### What the task asks
Quote the entries below from the line with "Puppe-mit-Licht-in-einer-Spirale" through the line with "Wolf-Dieter Pfenning - 12", both ends included, and only those lines.

### Data shown
>>>>

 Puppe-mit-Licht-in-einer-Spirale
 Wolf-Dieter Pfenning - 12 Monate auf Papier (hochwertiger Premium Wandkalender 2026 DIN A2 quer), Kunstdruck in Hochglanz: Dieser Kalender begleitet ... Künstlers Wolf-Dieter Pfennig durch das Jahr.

<<<<
>>>>

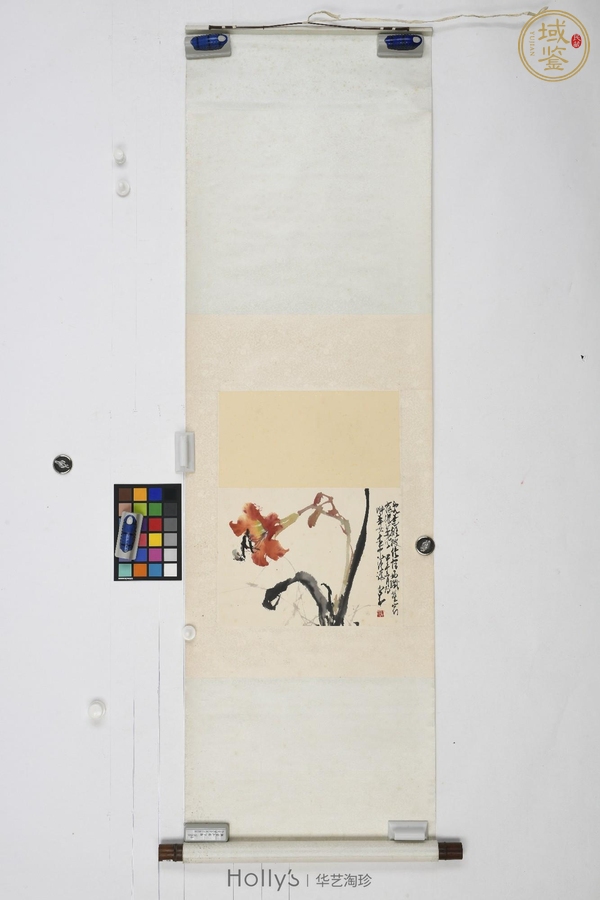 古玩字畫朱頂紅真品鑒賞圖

<<<<

### Output below
 Puppe-mit-Licht-in-einer-Spirale
 Wolf-Dieter Pfenning - 12 Monate auf Papier (hochwertiger Premium Wandkalender 2026 DIN A2 quer), Kunstdruck in Hochglanz: Dieser Kalender begleitet ... Künstlers Wolf-Dieter Pfennig durch das Jahr.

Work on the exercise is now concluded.